Differentially private massively distributed learning poses one key challenge when compared to differentially private centralized learning, where all data are aggregated at one party: minimizing communication overhead while achieving strong utility-privacy tradeoffs. The minimal amount of communication for distributed learning is non-interactive communication, i.e., each party only sends one message.

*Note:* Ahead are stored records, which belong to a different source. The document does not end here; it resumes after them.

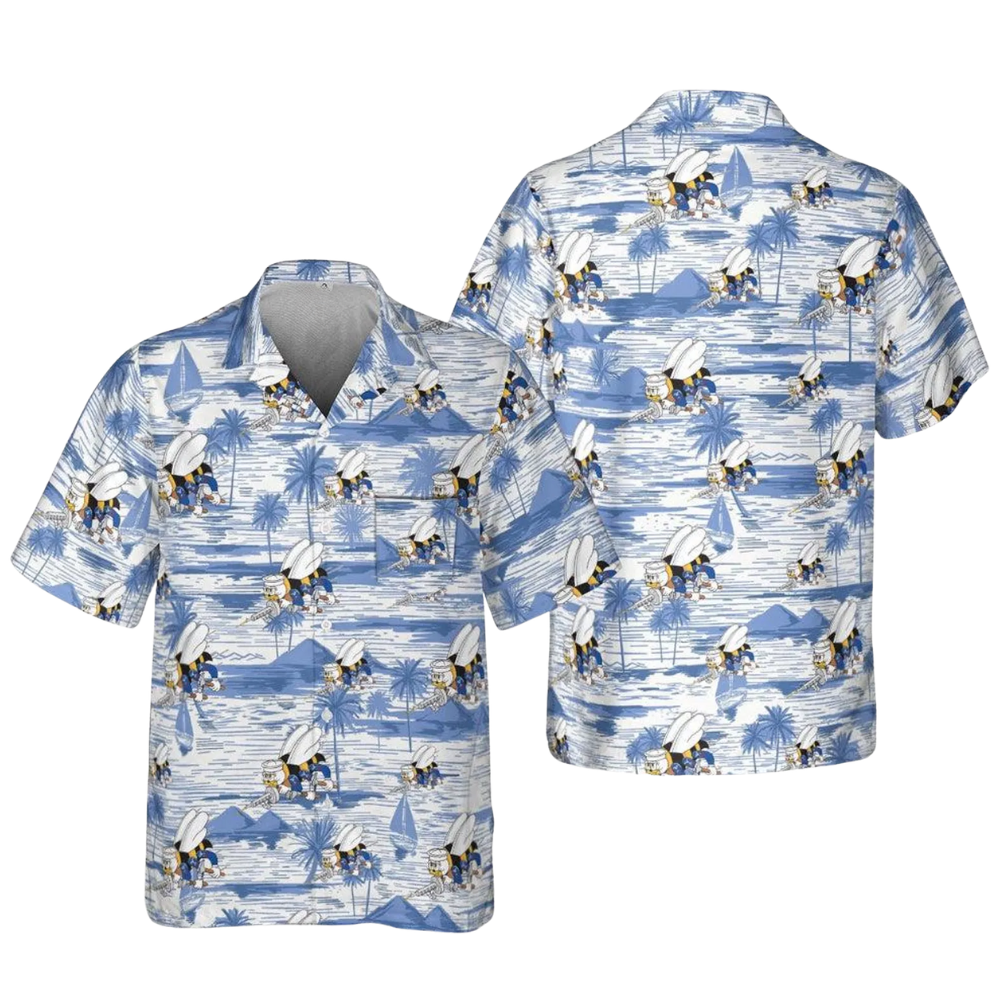 Seabees Aircraft Tropical Hawaiian Shirt For Men, Military Airplane Hawaiian Shirt HE0390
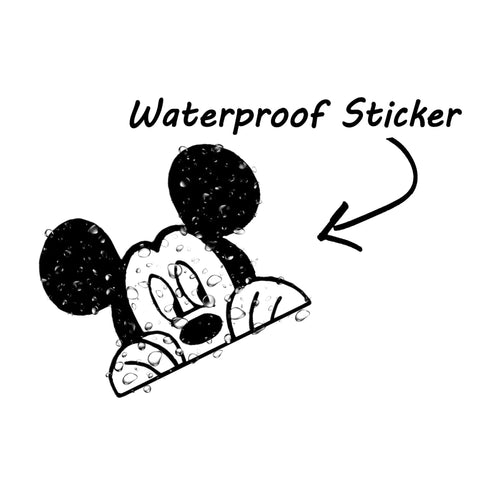 Two Pack Cute Peeking Mouse Wall Decal Vinyl Sticker 3.5x3.5 Inches waterproof design with cartoon mouse illustration for smooth surfaces.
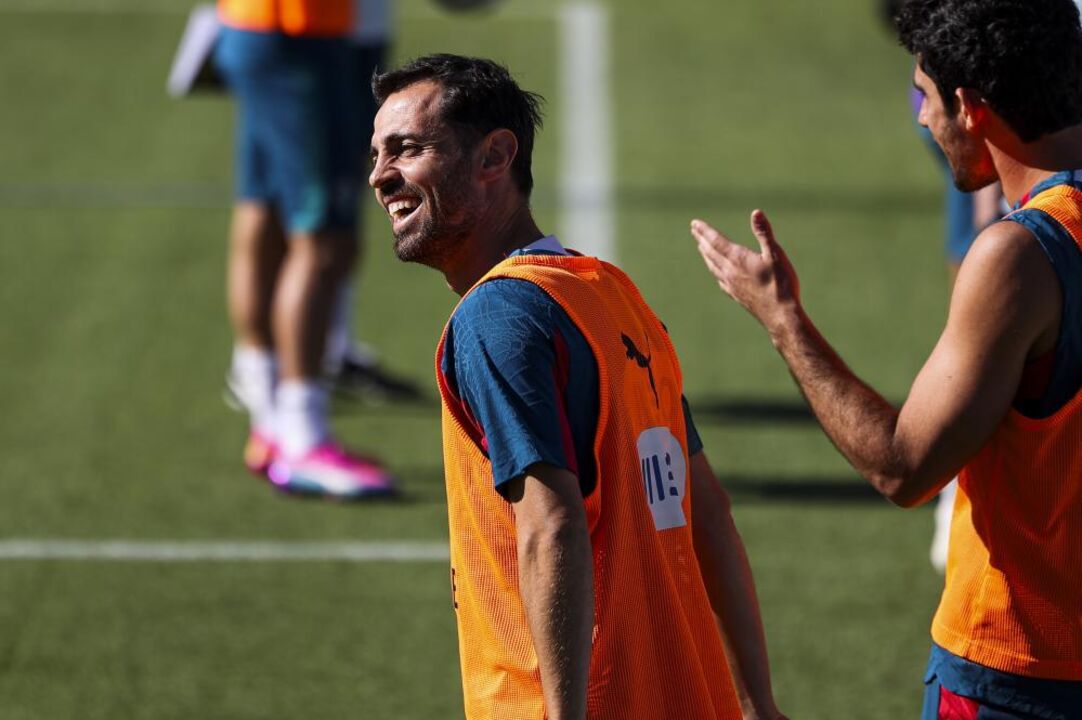 Bernardo Silva no treino da Seleção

In this work, we propose two differentially private, non-interactive, distributed learning algorithms in a framework called Secure Distributed \helmet. This framework is based on what we coin blind averaging: each party locally learns and noises a model and all parties then jointly compute the mean of their models via a secure summation protocol (e.g., secure multiparty computation). The learning algorithms we consider for blind averaging are empirical risk minimizers (ERM) like SVMs and Softmax-activated single-layer perception (Softmax-SLP). We show that blind averaging preserves privacy if the models are averaged via secure summation and the objective function is smooth, Lipschitz, and strongly convex. We show that the objective function of Softmax-SLP fulfills these criteria, which implies leave-one-out robustness and might be of independent interest.

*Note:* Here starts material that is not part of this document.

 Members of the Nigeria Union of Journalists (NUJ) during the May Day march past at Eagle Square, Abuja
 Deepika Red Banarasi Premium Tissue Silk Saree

On the practical side, we provide experimental evidence that blind averaging for SVMs and Softmax-SLP can have a strong utility-privacy tradeoff: we reach an accuracy of $86$ % on CIFAR-10 for $\varepsilon = 0.36$ and $1{,}000$ users and of $44$ % on CIFAR-100 for $\varepsilon = 1.18$ and $100$ users, both after a SimCLR-based pre-training. As an ablation, we study the resilience of our approach to a strongly non-IID setting. On the theoretical side, we show that in the limit blind averaging hinge-loss based SVMs convergences to the centralized learned SVM. Our approach is based on the representer theorem and can be seen as a blueprint for finding convergence for other ERM problems like Softmax-SLP.